Within the listing below, the lines to output run from the one containing "Miss_Crows_Nest [ miss-crows-nest" through the one containing "South Tyrol, Italy"; copy them exactly and nothing else.

## Input material:
-----

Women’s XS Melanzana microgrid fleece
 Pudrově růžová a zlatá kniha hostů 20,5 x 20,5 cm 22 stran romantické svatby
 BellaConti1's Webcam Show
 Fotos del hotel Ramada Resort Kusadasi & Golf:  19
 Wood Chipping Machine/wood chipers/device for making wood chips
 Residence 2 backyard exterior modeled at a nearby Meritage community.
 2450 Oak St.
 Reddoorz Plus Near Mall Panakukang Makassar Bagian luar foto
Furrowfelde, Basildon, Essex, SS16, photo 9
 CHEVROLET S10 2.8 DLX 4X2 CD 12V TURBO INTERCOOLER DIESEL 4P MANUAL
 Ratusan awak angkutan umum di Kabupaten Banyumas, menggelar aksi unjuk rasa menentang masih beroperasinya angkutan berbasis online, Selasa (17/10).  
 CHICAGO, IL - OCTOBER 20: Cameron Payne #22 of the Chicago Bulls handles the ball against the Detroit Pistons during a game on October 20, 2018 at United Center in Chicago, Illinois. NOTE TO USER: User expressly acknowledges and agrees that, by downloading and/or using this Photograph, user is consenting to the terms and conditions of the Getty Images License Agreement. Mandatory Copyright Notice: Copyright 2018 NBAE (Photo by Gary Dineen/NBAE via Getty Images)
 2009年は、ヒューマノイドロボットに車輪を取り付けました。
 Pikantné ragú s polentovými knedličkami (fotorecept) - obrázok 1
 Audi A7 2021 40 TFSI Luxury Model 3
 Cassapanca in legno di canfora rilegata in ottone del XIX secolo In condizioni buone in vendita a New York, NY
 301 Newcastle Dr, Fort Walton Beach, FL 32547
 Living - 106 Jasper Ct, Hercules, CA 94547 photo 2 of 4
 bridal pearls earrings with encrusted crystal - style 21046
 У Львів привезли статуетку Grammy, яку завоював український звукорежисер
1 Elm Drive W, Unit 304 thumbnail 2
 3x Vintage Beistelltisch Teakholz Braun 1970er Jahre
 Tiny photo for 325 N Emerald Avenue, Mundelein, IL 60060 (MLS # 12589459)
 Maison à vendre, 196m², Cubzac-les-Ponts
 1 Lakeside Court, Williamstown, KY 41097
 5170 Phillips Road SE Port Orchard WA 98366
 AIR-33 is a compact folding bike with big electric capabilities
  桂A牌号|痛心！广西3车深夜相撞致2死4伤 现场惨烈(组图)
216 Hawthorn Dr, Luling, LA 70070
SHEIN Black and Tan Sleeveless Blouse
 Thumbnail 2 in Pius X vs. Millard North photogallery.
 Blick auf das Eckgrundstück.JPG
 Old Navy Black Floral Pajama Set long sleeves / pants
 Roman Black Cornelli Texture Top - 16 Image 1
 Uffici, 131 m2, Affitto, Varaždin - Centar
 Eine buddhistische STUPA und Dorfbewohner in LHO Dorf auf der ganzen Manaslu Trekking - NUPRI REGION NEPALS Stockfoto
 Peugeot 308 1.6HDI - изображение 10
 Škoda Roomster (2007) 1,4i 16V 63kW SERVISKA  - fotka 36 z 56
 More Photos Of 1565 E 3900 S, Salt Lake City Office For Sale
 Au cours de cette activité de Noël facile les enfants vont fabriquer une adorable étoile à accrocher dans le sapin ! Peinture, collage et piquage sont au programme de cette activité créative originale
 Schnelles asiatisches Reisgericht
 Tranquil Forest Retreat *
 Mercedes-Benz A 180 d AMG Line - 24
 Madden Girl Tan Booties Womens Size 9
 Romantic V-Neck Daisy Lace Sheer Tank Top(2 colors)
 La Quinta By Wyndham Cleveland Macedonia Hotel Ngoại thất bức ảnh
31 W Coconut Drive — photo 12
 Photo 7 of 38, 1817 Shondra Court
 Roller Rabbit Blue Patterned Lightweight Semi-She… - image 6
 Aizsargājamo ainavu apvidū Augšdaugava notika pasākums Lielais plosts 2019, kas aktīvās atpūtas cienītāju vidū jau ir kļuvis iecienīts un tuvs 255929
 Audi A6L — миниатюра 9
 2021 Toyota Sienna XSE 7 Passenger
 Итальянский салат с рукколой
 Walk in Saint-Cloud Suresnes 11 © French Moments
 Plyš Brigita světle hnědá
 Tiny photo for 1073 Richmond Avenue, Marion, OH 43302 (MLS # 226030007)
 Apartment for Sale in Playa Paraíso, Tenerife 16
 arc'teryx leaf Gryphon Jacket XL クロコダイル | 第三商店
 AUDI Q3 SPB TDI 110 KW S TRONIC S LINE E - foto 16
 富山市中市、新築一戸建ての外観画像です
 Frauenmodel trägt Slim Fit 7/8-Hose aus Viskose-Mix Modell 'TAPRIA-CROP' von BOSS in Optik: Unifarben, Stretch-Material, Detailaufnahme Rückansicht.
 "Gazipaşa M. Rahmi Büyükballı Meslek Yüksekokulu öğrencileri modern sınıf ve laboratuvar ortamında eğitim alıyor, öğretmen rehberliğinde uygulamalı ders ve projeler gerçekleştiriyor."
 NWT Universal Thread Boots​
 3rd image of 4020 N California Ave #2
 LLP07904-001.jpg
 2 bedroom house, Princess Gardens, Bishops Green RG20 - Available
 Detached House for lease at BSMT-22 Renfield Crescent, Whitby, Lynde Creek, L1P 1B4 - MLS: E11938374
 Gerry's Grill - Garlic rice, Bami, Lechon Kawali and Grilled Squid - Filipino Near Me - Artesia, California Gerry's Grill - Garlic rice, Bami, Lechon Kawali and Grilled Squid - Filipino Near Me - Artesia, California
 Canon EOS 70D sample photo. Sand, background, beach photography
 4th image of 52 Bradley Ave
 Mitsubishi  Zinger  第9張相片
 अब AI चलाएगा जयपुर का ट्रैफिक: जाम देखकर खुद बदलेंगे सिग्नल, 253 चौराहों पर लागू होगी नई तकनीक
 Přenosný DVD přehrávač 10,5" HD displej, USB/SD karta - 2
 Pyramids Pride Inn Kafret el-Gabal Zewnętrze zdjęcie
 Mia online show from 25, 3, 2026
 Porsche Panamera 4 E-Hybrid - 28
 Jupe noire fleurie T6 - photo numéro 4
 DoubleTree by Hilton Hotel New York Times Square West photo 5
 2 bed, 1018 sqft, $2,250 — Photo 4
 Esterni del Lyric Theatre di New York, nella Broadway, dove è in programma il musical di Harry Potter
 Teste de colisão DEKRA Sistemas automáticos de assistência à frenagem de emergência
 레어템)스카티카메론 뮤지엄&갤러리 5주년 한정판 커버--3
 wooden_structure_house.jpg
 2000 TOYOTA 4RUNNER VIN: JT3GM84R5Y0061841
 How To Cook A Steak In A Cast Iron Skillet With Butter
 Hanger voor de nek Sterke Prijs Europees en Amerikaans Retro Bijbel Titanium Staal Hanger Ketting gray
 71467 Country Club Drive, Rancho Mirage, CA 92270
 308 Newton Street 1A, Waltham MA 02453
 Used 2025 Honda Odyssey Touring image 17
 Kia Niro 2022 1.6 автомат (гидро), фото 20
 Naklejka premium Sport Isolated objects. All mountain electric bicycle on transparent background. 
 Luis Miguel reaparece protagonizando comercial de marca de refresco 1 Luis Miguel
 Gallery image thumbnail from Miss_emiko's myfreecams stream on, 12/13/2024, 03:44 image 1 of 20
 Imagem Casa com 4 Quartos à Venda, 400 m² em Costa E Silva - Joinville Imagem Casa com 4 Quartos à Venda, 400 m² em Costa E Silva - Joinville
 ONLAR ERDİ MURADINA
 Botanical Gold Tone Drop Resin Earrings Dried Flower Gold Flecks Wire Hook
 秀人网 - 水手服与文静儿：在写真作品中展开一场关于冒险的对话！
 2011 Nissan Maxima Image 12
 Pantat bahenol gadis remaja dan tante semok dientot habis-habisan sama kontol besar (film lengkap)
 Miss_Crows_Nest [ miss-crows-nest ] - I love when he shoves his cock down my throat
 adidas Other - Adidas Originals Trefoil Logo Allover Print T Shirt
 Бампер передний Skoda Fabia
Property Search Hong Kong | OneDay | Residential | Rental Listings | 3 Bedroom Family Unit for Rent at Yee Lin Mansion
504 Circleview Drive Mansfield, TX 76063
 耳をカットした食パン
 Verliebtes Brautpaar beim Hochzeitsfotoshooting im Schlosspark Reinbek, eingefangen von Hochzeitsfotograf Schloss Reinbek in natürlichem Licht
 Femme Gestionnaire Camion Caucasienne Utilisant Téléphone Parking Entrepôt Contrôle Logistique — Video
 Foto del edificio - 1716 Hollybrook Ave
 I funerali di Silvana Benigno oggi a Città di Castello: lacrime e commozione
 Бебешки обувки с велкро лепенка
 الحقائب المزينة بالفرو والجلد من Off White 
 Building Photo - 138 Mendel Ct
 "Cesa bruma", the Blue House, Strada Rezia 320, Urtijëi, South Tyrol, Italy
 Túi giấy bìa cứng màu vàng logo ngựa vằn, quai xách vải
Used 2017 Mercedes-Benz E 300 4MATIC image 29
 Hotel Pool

-----

## Problem solution:
 Miss_Crows_Nest [ miss-crows-nest ] - I love when he shoves his cock down my throat
 adidas Other - Adidas Originals Trefoil Logo Allover Print T Shirt
 Бампер передний Skoda Fabia
Property Search Hong Kong | OneDay | Residential | Rental Listings | 3 Bedroom Family Unit for Rent at Yee Lin Mansion
504 Circleview Drive Mansfield, TX 76063
 耳をカットした食パン
 Verliebtes Brautpaar beim Hochzeitsfotoshooting im Schlosspark Reinbek, eingefangen von Hochzeitsfotograf Schloss Reinbek in natürlichem Licht
 Femme Gestionnaire Camion Caucasienne Utilisant Téléphone Parking Entrepôt Contrôle Logistique — Video
 Foto del edificio - 1716 Hollybrook Ave
 I funerali di Silvana Benigno oggi a Città di Castello: lacrime e commozione
 Бебешки обувки с велкро лепенка
 الحقائب المزينة بالفرو والجلد من Off White 
 Building Photo - 138 Mendel Ct
 "Cesa bruma", the Blue House, Strada Rezia 320, Urtijëi, South Tyrol, Italy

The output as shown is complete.